Elle s’appelle Adèle.
En vérité, il n’y a rien de particulier à dire à son sujet parce que cette femme a la vie extraordinaire des gens ordinaires.
Elle se lève le matin, boit un café et part travailler.
Le soir, elle sort parfois prendre un verre avec des collègues et le week-end, elle reçoit chez elle ou se rend au théâtre ou au cinéma. Mais ça, c’était sa vie d’avant. Et avant sa vie d’avant, il y avait encore une vie avant.
Une vie de femme mariée avec des enfants, un chien, des chats, une voiture, un emploi. Sa vie d’avant celle d’avant tourbillonnait, gesticulait et ne s’arrêtait jamais jusqu’au jour où les enfants ont quitté le nid et son mari aussi. Ça, c’était sa vie d’avant celle d’avant !
Alors, dans cette vie d’avant qu’elle pensait être celle d’après, elle s’est dit qu’à avoir tout perdu, elle avait tout à gagner.
C’était grisant.
Elle s’est fait de nouveaux amis, de nouveaux ennemis, une réputation sur mesure. Elle a embrassé le monde et élargi son horizon.
Elle a rencontré un homme. Il a sa vie, elle a la sienne. Il la séduit. Il habite loin, mais rien n’est loin de nos jours. Les avions sont faits pour voler. Il a le goût de la papaye, juste familier, un peu coupable.
« Par les temps qui courent, il vaudrait mieux consommer local », dit sa tête à son cœur qui n’écoute pas.
Son smartphone lui colle aux doigts. Elle apprend à écrire avec ses pouces, pour aller plus vite et lui dire plus de choses, tout le temps.
Elle ne regarde plus le monde que par le trou de sa lentille photographique et le caresse de pixels en attendant la fin de la semaine, parce que dans la vie d’avant, elle allait l’attendre à l’aéroport quand il ne venait pas la chercher.
Dans la vie d’avant, elle voulait acheter une maison pas grande, au bord de la mer ; leur maison, loin de sa vie à lui, loin de sa vie à elle. Une petite maison au milieu, avec un avion entre les deux.
Et puis, un jour, il n’a pas pu venir. Il était malade et elle aussi. Ils se sont réconfortés et promis que ce n’était que partie remise. C’était déjà le début de la vie d’après, mais elle ne le savait pas.
Le vol a été reporté, puis reporté, puis annulé sans pouvoir être refixé.
Adèle a commencé à écouter les silences.
Les mois sont passés. Des mois de bonjour et de bonne nuit. Un sens nouveau s’est développé, le sens technologique.
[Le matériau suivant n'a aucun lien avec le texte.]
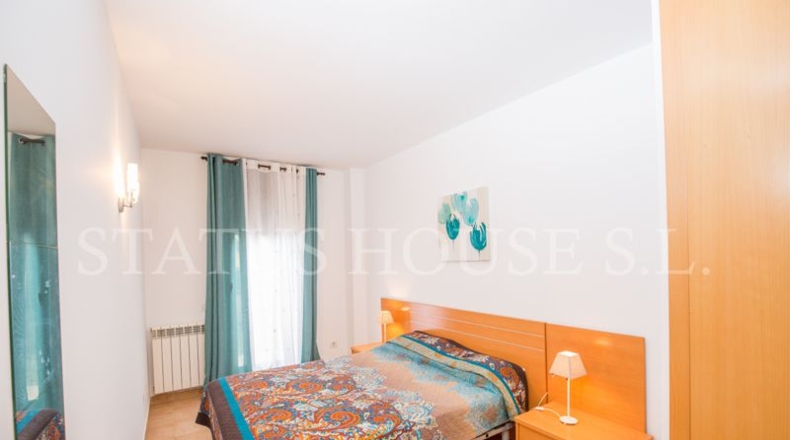 Gerona - Lloret de Mar - 328m2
Elle reconnaît son pas numérique comme si elle l’entendait rentrer dans la pièce. Elle lit derrière son langage digital et ressens au-delà des mots s’il va bien ou mal.
Elle partage avec lui un quotidien à distance, sans le voir, même par appareil interposé, car lorsqu’elle le voit, elle le regarde et ne lui parle pas.
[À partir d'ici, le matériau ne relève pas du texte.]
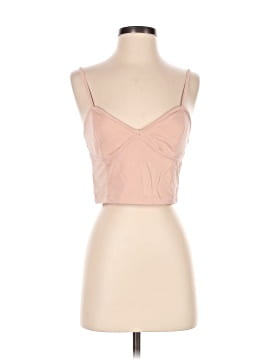 Bcbgmaxazria Tank Top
Elle se morigène. Son amie Maya n’a pas vu son fils depuis plus de dix-huit mois. En partant, il lui a dit : « À dans deux semaines Mam… » !
Dans cette vie d’après, Adèle n’embrasse plus sa mère depuis des lustres parce qu’elle est à risque, elle ne serre plus rien dans ses bras, à part sa boule de poil qu’elle étouffe de sa frustration.
Elle écoute la RTS, France Info, la BBC, CNN. Les nouvelles sont uniformes. Personne ne sort. On lui parle de quarantaine dans tous les sens : 5 jours et un test avant et après. 7 jours et un test avant, après et pendant. 10 jours avec un test rapide et un test lent qui est aussi rapide. Elle obéit pour le bien de tous, pour le sien, pour lui, pour le voir. Saura-t-elle d’ailleurs lui parler avec sa bouche et une voix ?
Par milliers, des gens meurent. Par dizaines de milliers, des jeunes décrochent, fatigués de ne suivre des cours qu’en ligne. Par centaines de milliers des artisans sont à la rue quand on ne parle pas des millions d’individus qui, par le monde, ont tout perdu. Alors, Adèle se fait discrète parce que face à ces tragédies, sa petite insatisfaction fait figure de caprice.
Mesdames, Messieurs les gouvernants, faites au mieux.
Solidarité rime avec liberté.
Elle s’appelle Adèle…
En vérité, il n’y a rien de particulier à dire à son sujet parce que cette femme a la vie extraordinaire des gens ordinaires.
Elle se lève le matin, boit un café et va travailler.